Search code examples
stringrdata-import

Read.table to skip lines with errors


I have large .csv file separated by tabs, which has strict structure with colClasses = c("integer", "integer", "numeric") . For some reason, there are number of trash irrelevant character lines, that broke the pattern, that's why I get

Error in scan(file, what, nmax, sep, dec, quote, skip, nlines, na.strings,  : 
  scan() expected 'an integer', got 'ExecutiveProducers'

How can I ask read.table to continue and just to skip this lines? The file is large, so it's troublesome to perform the task by hand. If it's impossible, should I use scan + for-loop ?

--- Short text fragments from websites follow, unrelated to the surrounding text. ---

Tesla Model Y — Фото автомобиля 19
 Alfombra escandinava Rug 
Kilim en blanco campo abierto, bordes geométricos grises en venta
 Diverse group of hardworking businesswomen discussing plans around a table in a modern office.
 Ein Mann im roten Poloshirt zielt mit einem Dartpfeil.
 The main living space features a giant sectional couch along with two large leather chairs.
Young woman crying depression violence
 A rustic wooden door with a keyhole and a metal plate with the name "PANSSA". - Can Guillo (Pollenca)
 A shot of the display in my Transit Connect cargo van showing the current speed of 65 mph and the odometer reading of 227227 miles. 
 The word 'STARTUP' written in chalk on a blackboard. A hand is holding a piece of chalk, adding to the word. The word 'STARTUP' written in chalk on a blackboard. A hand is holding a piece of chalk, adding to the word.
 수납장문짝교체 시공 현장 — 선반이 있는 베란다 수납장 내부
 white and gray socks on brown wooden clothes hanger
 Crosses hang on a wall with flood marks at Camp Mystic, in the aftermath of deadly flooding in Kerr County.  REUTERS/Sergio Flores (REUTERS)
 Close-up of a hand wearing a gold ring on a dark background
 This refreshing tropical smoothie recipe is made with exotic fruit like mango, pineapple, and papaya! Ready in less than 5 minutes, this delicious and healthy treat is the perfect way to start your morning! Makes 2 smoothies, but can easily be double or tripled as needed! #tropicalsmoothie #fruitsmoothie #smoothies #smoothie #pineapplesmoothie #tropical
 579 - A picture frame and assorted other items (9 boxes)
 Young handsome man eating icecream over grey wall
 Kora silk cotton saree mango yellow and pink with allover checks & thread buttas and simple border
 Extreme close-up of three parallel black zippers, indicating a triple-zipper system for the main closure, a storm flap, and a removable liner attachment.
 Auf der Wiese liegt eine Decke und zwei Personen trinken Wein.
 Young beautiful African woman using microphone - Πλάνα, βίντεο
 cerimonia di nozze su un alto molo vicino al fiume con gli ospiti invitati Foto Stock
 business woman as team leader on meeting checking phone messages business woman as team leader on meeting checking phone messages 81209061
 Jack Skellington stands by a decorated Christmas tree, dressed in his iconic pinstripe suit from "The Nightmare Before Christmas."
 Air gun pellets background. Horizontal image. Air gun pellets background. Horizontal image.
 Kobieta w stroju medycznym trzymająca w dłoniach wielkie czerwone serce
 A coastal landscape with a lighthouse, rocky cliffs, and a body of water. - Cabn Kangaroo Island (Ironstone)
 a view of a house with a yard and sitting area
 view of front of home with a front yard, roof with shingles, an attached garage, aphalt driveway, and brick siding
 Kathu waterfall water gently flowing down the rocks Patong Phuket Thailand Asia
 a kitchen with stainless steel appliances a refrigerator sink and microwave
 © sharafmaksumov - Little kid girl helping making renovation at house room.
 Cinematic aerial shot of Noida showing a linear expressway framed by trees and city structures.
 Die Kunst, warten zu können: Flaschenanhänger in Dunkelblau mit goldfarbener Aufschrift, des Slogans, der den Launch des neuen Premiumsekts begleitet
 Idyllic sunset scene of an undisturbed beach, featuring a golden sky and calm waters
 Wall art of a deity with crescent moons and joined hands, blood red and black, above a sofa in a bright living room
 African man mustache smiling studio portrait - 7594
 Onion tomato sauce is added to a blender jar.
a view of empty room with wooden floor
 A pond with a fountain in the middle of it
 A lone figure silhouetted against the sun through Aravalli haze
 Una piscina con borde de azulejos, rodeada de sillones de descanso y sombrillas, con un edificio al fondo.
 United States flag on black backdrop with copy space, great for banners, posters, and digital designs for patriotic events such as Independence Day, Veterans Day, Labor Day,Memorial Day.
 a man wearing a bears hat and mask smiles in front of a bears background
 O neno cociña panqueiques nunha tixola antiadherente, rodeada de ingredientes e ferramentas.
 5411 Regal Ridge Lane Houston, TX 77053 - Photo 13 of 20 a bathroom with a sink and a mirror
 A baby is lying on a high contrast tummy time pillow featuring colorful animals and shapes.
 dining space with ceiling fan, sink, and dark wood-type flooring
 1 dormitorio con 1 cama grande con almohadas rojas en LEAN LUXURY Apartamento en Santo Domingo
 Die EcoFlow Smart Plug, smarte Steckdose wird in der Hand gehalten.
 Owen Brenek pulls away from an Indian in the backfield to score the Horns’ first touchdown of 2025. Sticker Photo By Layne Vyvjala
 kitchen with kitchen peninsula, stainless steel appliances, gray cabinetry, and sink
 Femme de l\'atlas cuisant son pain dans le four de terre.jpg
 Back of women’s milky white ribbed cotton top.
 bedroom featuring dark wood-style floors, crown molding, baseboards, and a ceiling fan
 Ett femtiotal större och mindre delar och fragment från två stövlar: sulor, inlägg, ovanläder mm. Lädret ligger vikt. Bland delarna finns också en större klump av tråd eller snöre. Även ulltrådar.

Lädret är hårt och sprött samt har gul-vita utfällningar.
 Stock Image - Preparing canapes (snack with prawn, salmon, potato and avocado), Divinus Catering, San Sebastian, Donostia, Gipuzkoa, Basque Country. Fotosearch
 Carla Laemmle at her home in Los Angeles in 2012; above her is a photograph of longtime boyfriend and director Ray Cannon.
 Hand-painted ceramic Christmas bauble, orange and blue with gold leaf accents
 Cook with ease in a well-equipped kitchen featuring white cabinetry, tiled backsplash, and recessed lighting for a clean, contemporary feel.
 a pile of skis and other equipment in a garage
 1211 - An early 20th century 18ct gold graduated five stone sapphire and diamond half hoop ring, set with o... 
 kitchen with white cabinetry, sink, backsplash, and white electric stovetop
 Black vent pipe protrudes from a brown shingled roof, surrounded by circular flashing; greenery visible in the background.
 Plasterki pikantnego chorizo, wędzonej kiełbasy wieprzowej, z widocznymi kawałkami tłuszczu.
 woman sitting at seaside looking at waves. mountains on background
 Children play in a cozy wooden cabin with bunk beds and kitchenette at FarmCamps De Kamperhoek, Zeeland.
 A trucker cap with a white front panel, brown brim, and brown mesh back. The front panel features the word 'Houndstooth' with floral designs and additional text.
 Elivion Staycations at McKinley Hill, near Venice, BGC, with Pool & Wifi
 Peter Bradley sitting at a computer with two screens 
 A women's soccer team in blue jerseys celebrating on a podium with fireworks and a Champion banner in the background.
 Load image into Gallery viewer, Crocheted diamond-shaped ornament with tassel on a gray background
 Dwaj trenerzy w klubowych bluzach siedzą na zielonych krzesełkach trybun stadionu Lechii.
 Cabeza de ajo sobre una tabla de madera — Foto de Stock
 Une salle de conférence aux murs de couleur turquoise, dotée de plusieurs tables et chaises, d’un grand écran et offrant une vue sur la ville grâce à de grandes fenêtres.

Now I just read everything as characters and then delete irrelevant rows and convert columns back to numeric, which I think not very memory-efficient


Solution

  • If your file fits into memory, you could first read the file, remove unwanted lines and then read those using read.csv:

    lines <- readLines("yourfile")
    
    # remove unwanted lines: select only lines that do not contain 
    # characters; assuming you have column titles in the first line,
    # you want to add those back again; hence the c(1, sel)
    sel <- grep("[[:alpha:]]", lines, invert=TRUE)
    lines <- lines[c(1,sel)]
    
    # read data from selected lines
    con <- textConnection(lines)
    data <- read.csv(file=con, [other arguments as normal])